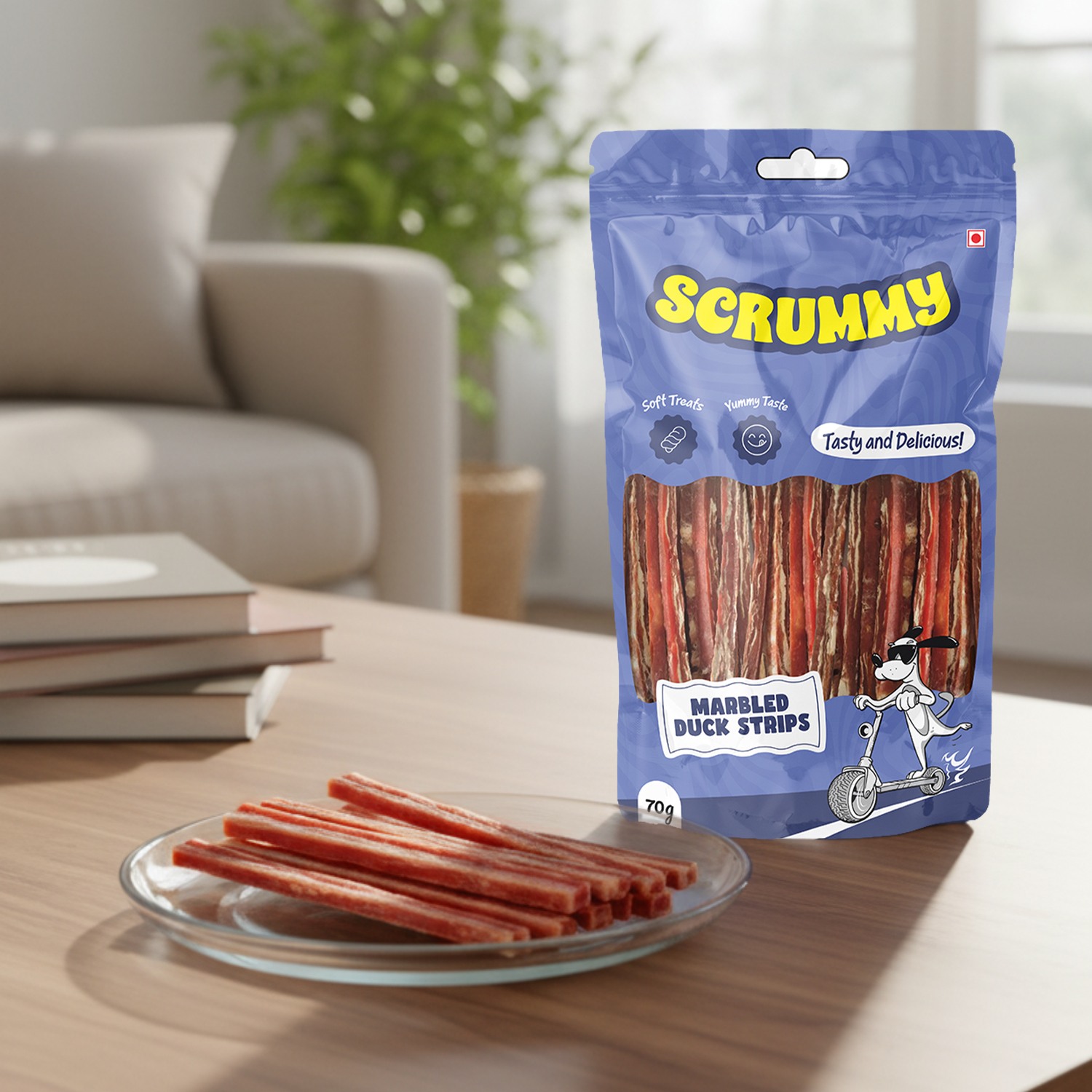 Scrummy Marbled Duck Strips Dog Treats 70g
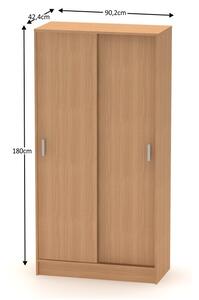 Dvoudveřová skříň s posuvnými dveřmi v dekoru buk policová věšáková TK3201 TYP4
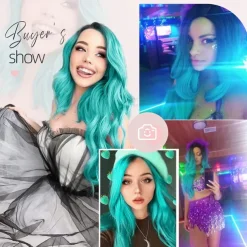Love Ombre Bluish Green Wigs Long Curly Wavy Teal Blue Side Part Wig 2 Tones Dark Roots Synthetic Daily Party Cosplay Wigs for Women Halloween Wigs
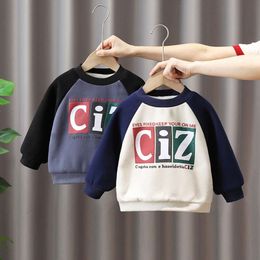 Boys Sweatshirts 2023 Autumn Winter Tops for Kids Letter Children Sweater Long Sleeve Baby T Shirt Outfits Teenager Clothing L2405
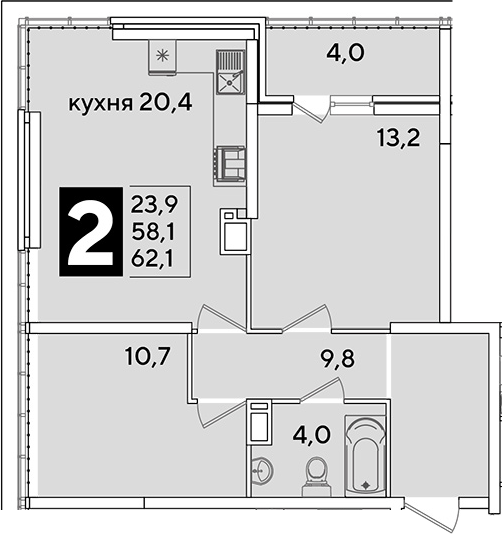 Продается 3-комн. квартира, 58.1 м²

==============================

PROBLEM
Pictures in the records above are to be left out of an otherwise exact copy.

EXERCISE RESPONSE
 Scrummy Marbled Duck Strips Dog Treats 70g
 Dvoudveřová skříň s posuvnými dveřmi v dekoru buk policová věšáková TK3201 TYP4
Love Ombre Bluish Green Wigs Long Curly Wavy Teal Blue Side Part Wig 2 Tones Dark Roots Synthetic Daily Party Cosplay Wigs for Women Halloween Wigs
 Boys Sweatshirts 2023 Autumn Winter Tops for Kids Letter Children Sweater Long Sleeve Baby T Shirt Outfits Teenager Clothing L2405
 Продается 3-комн. квартира, 58.1 м²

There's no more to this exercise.